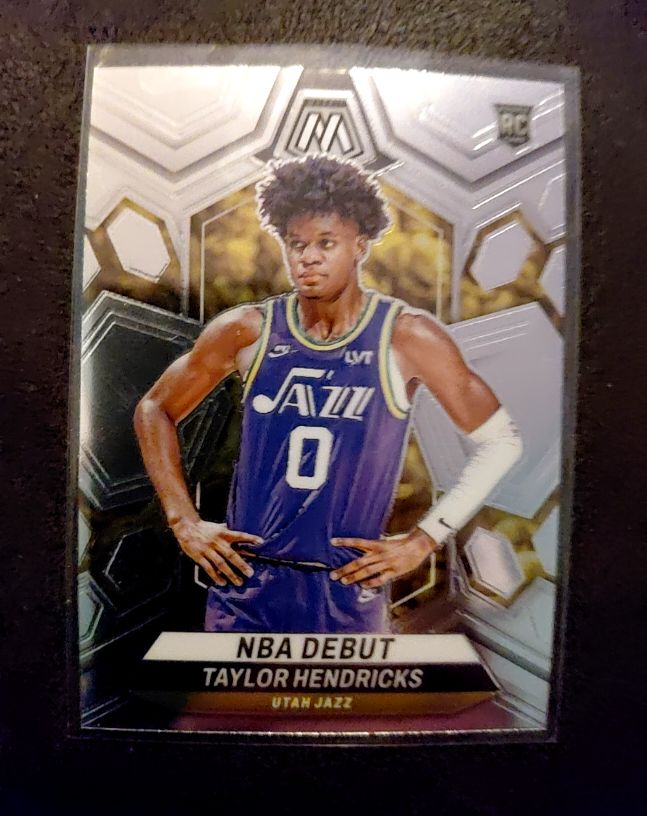 2023-24 Panini Mosaic #261 Taylor Hendricks NBA Debut — front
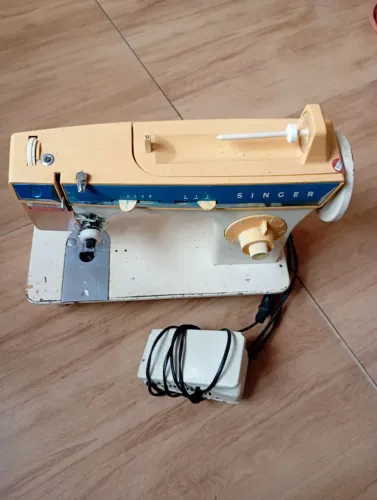 Estou vendendo uma máquina de costura Singer semi usada no valor de 350 rea
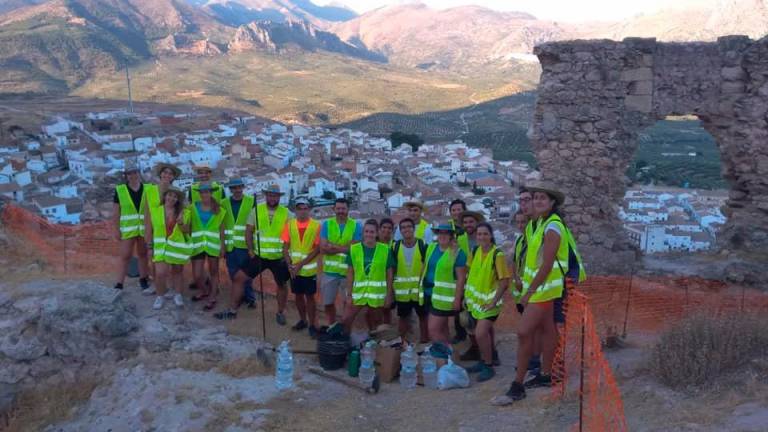 Decenas de jóvenes excavan en un aljibe del Castillo Nuevo de Bedmar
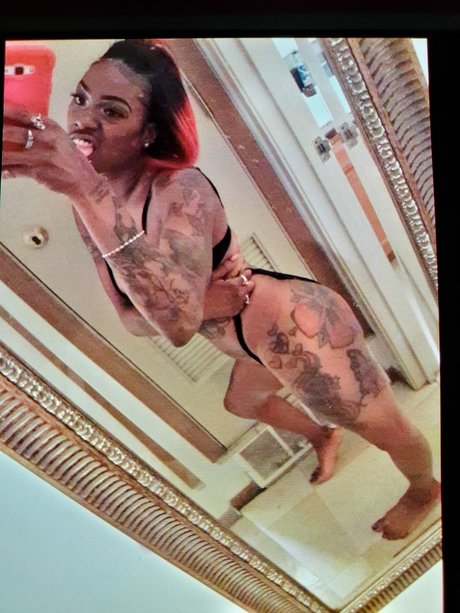 Naken lekkede OnlyFans-bilde av Tatted Soul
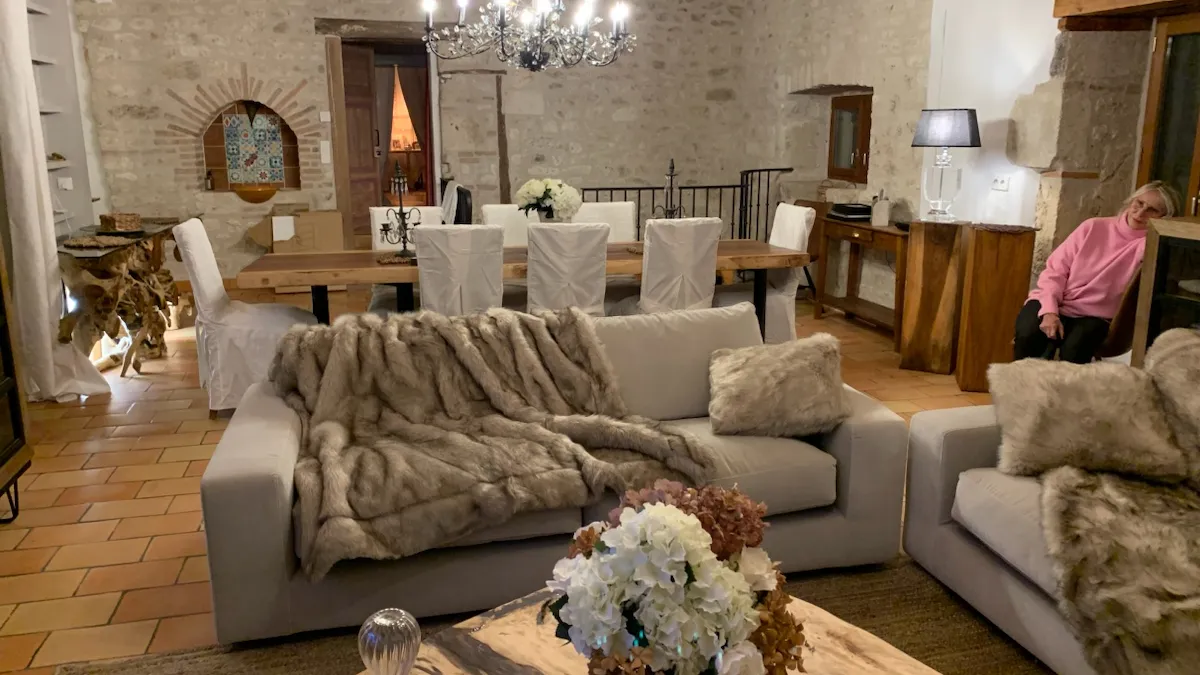 Photo 6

━━━

Problem requirements => Give back, word for word, the lines from the one containing "Decenas de jóvenes" through the last line of the listing above; include both ends and exclude the pictures.

Reply =>
 Decenas de jóvenes excavan en un aljibe del Castillo Nuevo de Bedmar
 Naken lekkede OnlyFans-bilde av Tatted Soul
 Photo 6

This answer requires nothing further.